Art made in this mode can be found sitting in modern studios and galleries often. Much of it (in the contemporary context) leans into abstraction and theory. It's stated meaning seems to be discovered along the way, or to be applied after the production has started (or sometimes after it has been finished...) The emotional core of work sometimes fails to resonate, or comes of as disingenuous for viewers. I've had conversations with many artists who mostly make work in this mode, and they often loathe the moment when they have to write a statement and give the work a name. It's not that the artist isn't passionate about the work, but rather that they don't know how to satisfyingly articulate exactly what aspects they care about- which is not at all their fault! Especially when dealing with work like this, the ability to articulate the thing that excites them (that gives the work a reason to exist and explains why it's hanging in front of you) depends heavily on an audience having a lot of the same studio/institutional experiences as the artist. This makes it difficult to explain on a plaque. It's a piece that makes you cry if you've spent 10 years looking at other art. In some way, the work asks that you already know what it's "supposed" to achieve before you've even looked at it.

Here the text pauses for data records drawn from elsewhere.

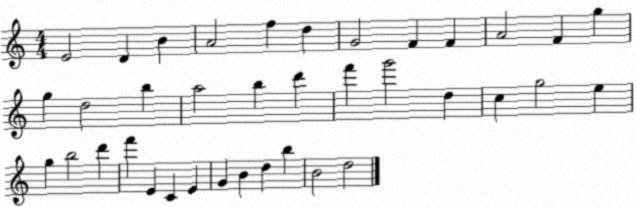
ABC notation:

X:1
T:Untitled
M:4/4
L:1/4
K:C
E2 D B A2 f d G2 F F A2 F g g d2 b a2 b d' f' g'2 d c g2 e g b2 d' f' E C E G B d b B2 d2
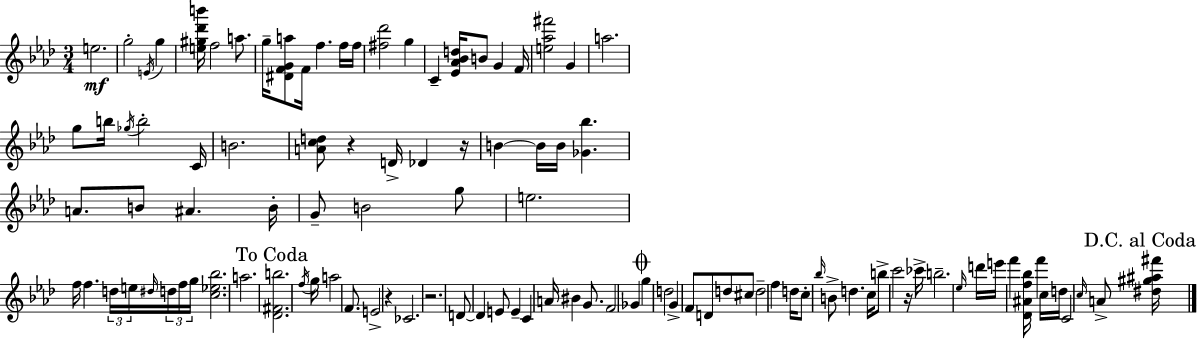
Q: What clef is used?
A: treble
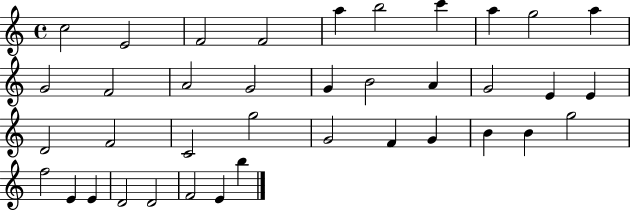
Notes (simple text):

C5/h E4/h F4/h F4/h A5/q B5/h C6/q A5/q G5/h A5/q G4/h F4/h A4/h G4/h G4/q B4/h A4/q G4/h E4/q E4/q D4/h F4/h C4/h G5/h G4/h F4/q G4/q B4/q B4/q G5/h F5/h E4/q E4/q D4/h D4/h F4/h E4/q B5/q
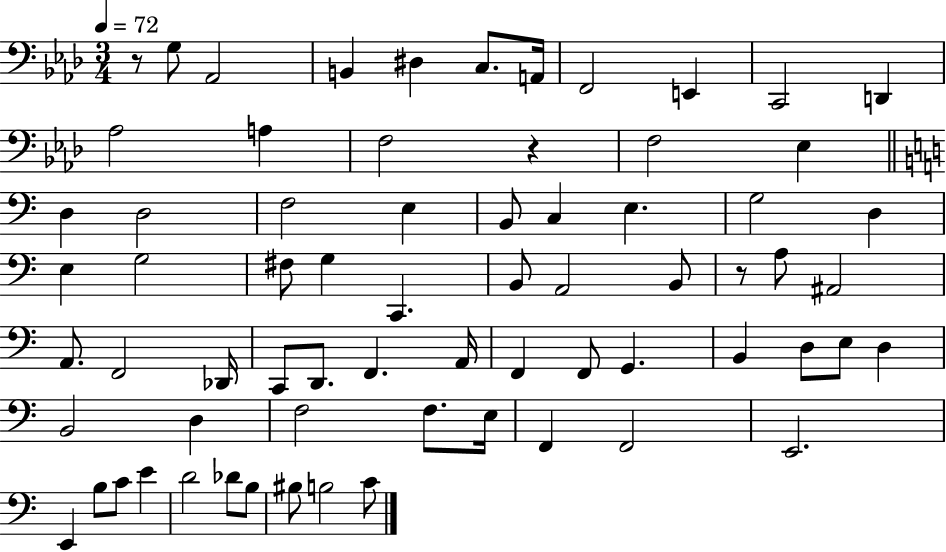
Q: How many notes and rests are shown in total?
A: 69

The second type of art attempts to capture, invoke, or reflect upon a sensation that the artist has directly experienced. It attempts to synthesize an aspect of the real world and clarify and distill it into a new experience.
In order to make art in this second framework, the artist needs to have a wealth of lived experiences to draw from, and a strong memory of an emotion that propels them to make the work. In many ways, this type of art ends up being more approachable to an audience outside an academic art institution, because it is directly spawned from experiences that anyone might also have in the world. This is not to suggest that art in this framework speaks directly to subjects typical of everyday life, but rather, that the meaning and intention of the work were developed first (in whatever inarticulably vague notion) based on circumstances unrelated to the art itself, and the process of creating a work happened as a direct result.
There are pitfalls in this mode of art making too. Sometimes an artist engaged in this mode will make something that speaks deeply and profoundly... but only to them. The personal context that produces the work is so elaborate that it isn't directly or obviously able to be re-constituted in the mind of a viewer. There is an argument that work made in this way doesn't particularly care for an audience in the first place. The primary objective of the maker was not to have something ready to display, but rather to capture and process a feeling or situation in their own world for an intrinsic (often therapeutic) purpose. (Perhaps there is something to be said about the potential potency of an art object made for a very specific and limited audience, but that should be its own topic)
Truly great artists are wrapped up deeply in both worlds- engaged frequently in both an academic context that encourages practical/material innovation, and a lived context that gives them something real and meaningful to continuously make work about. Entering academia will give an artist a great foundation for making work in the first mode, and leaving academia will give an artist a great appreciation for work made in the second mode.